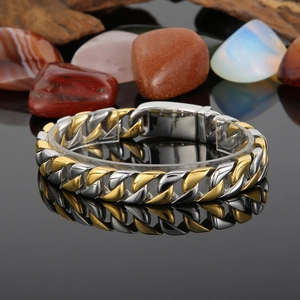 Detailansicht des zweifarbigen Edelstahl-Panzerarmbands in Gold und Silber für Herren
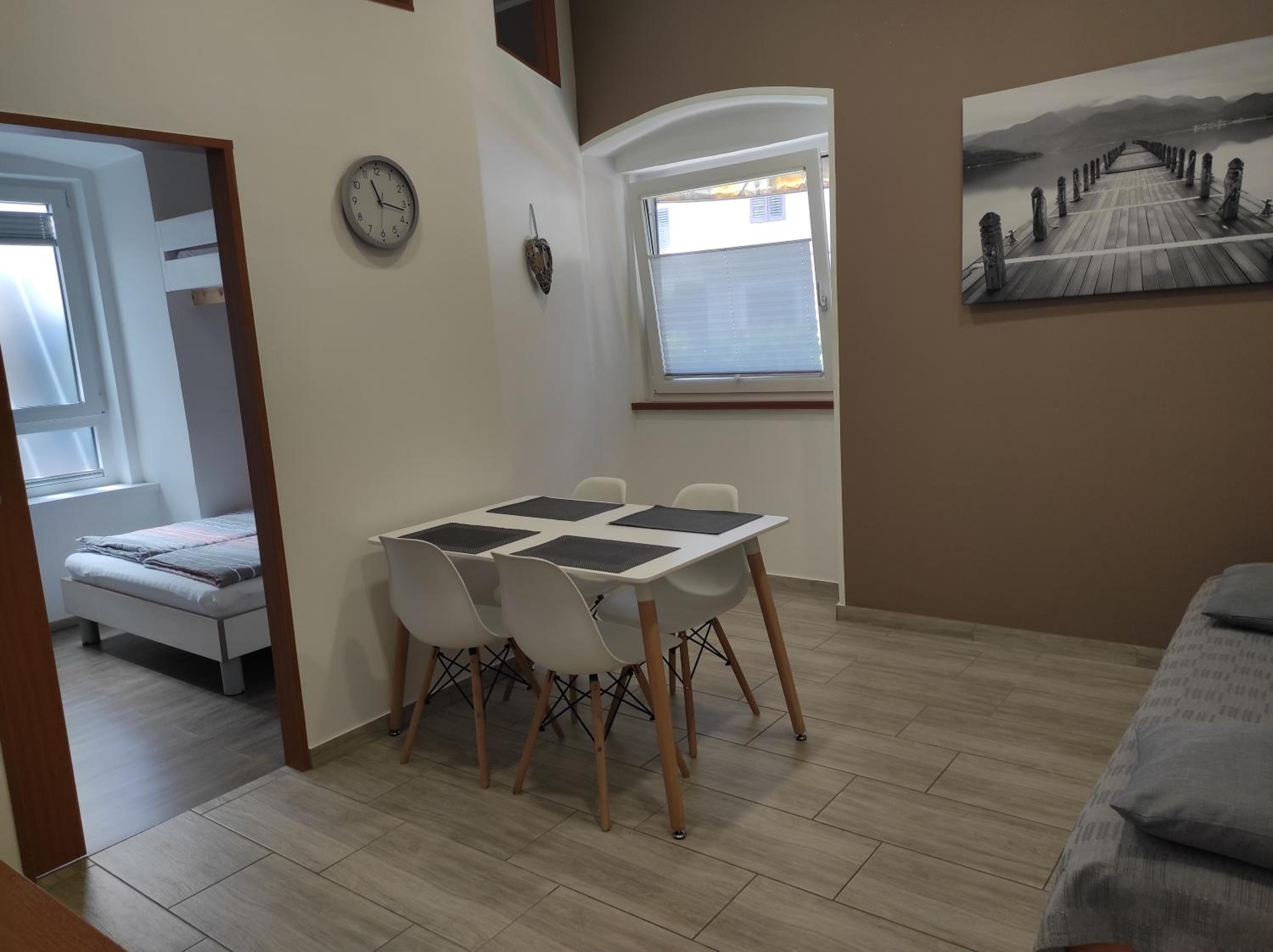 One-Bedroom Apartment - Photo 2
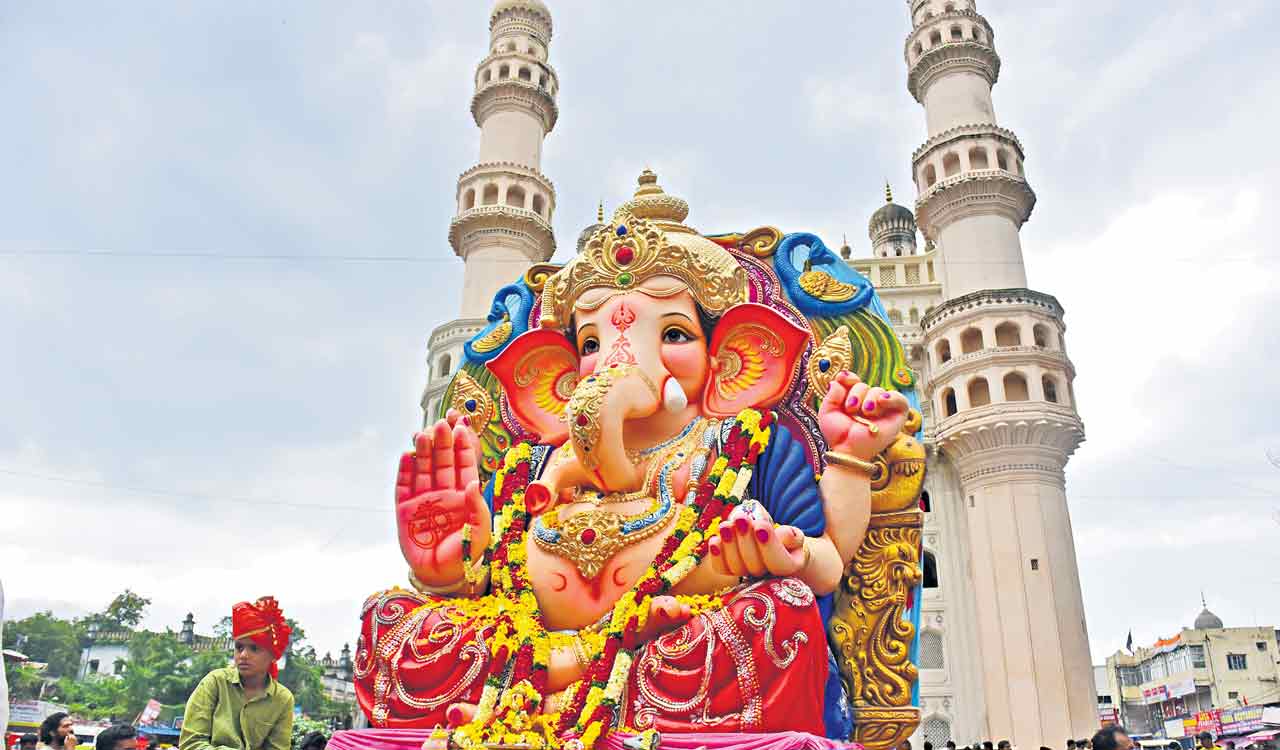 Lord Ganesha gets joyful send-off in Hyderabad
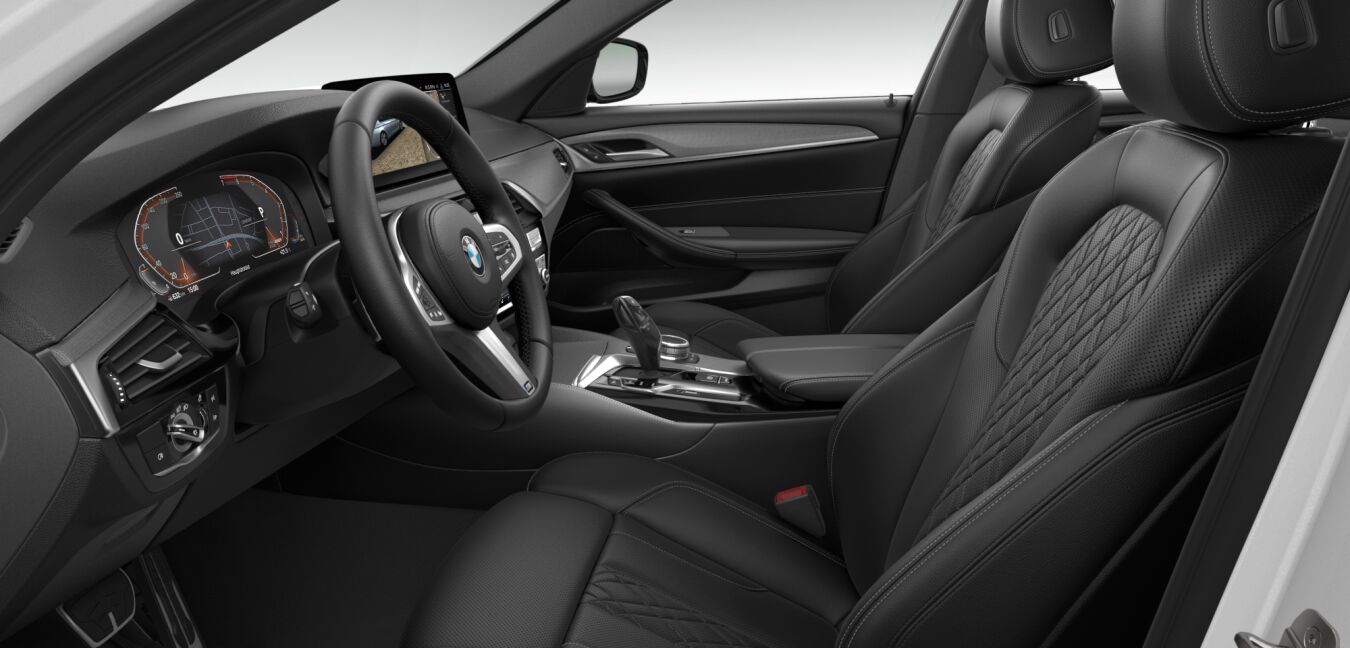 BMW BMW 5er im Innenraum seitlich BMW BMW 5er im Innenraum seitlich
++++++++++
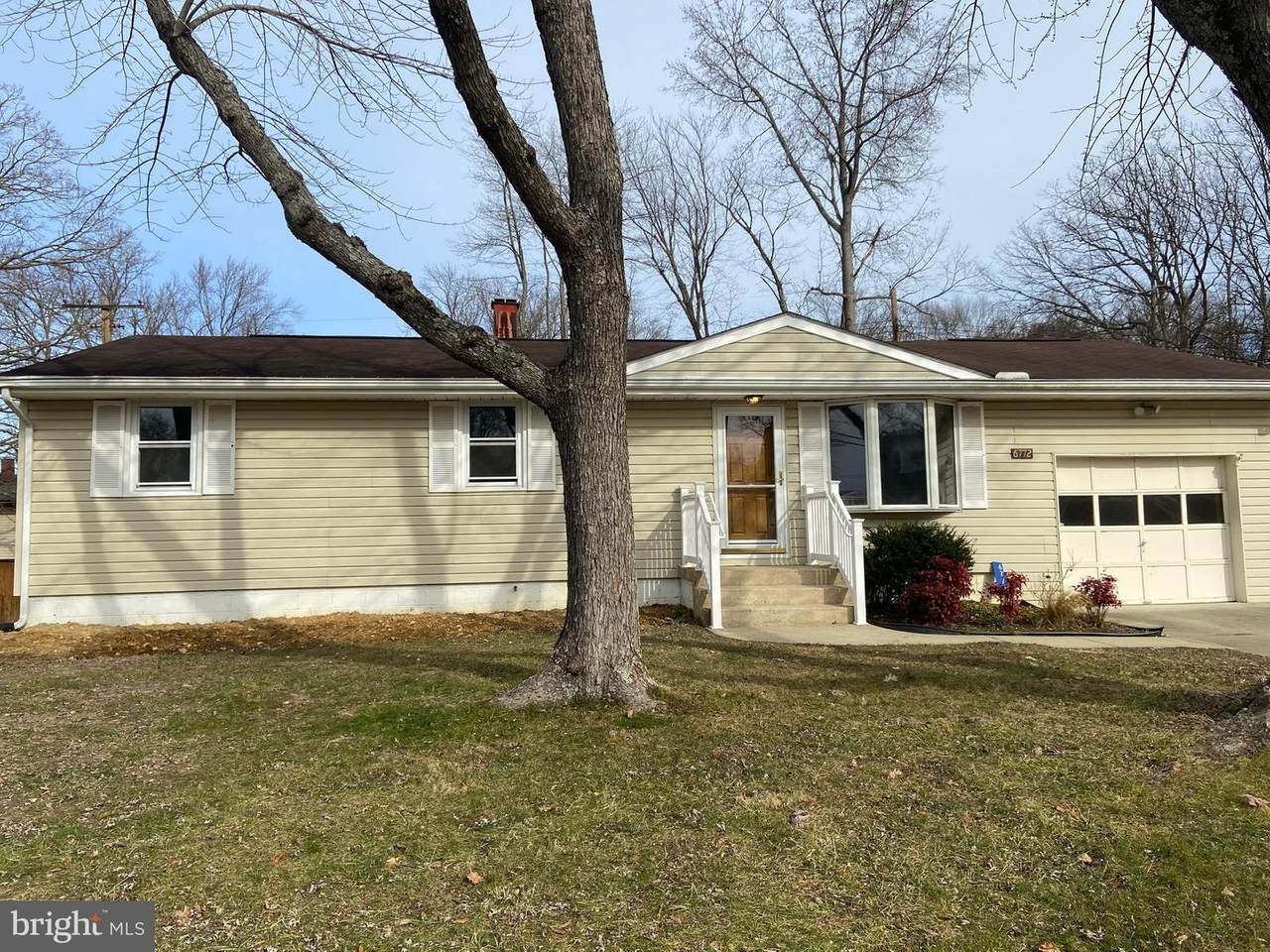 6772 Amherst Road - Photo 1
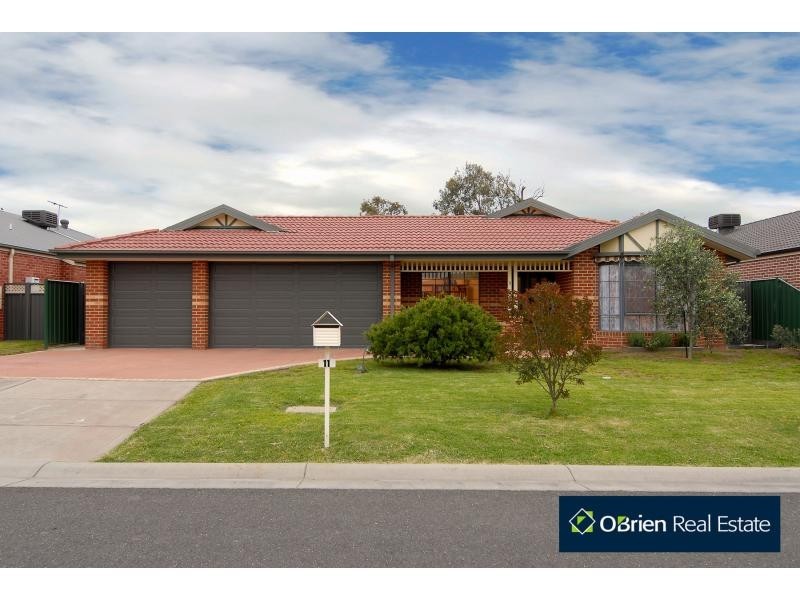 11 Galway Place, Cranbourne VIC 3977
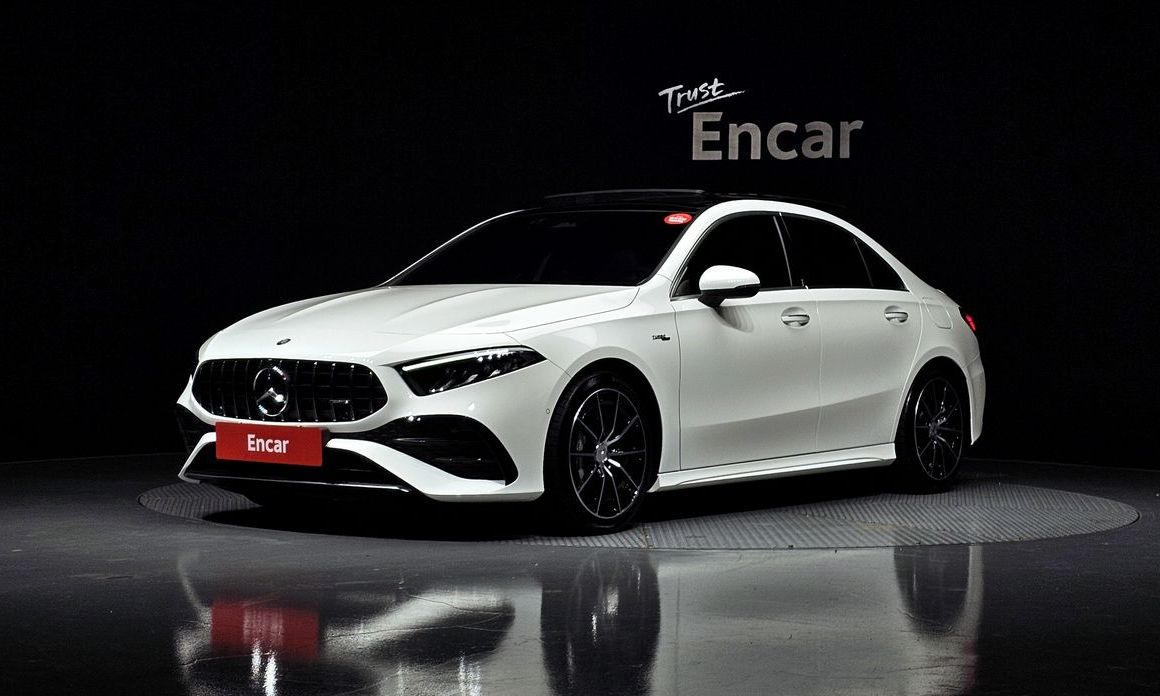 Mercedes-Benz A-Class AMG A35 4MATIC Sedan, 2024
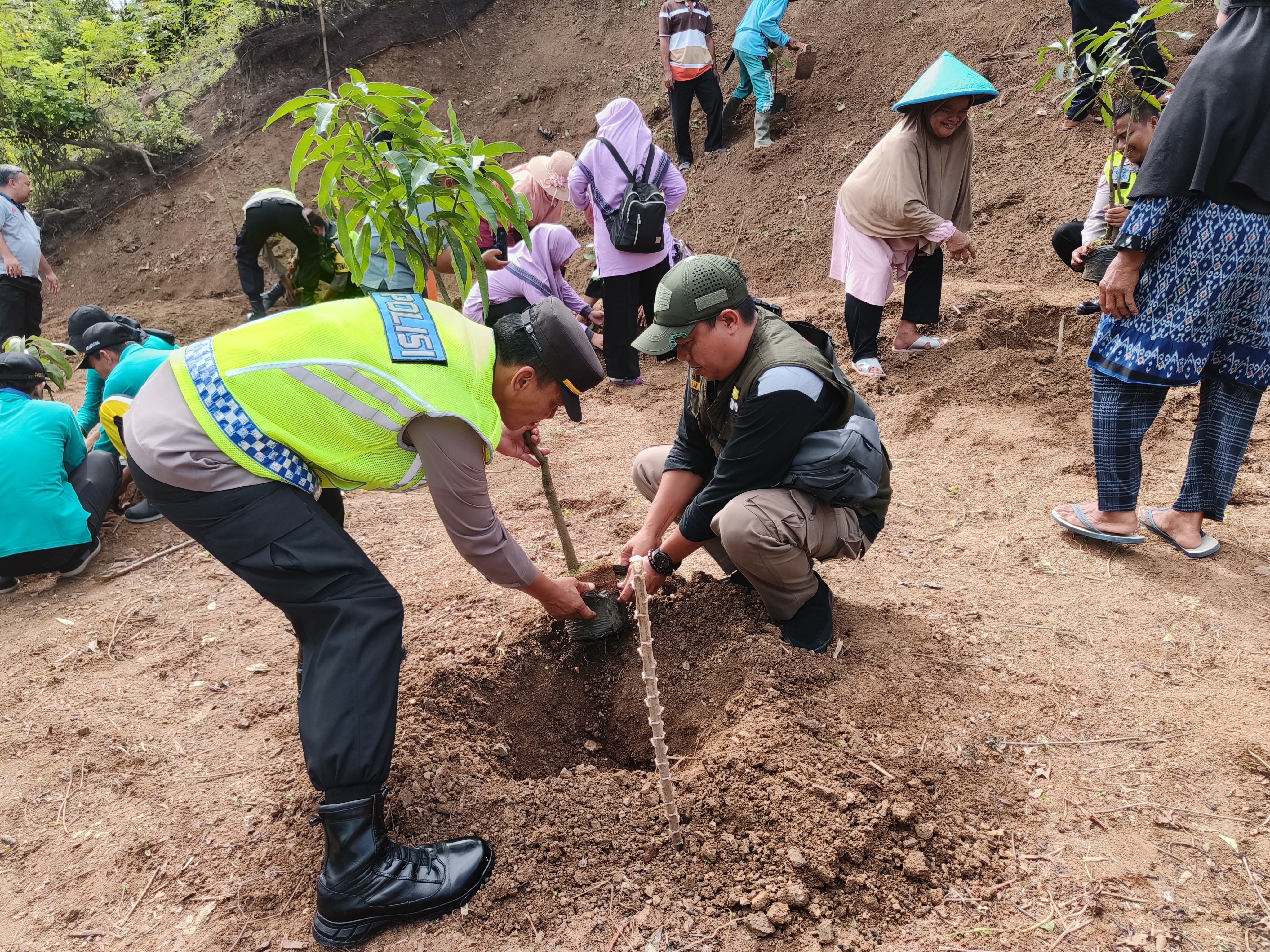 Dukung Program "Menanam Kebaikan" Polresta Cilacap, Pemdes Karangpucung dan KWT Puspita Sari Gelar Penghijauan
++++++++++
**Assigned task:**
The answer is those lines of the material above that run from the one containing "Detailansicht des zweifarbigen" up to and including the one containing "BMW BMW 5er im Innenraum seitlich BMW", restated exactly and without images.

**Your response:**
 Detailansicht des zweifarbigen Edelstahl-Panzerarmbands in Gold und Silber für Herren
 One-Bedroom Apartment - Photo 2
 Lord Ganesha gets joyful send-off in Hyderabad
 BMW BMW 5er im Innenraum seitlich BMW BMW 5er im Innenraum seitlich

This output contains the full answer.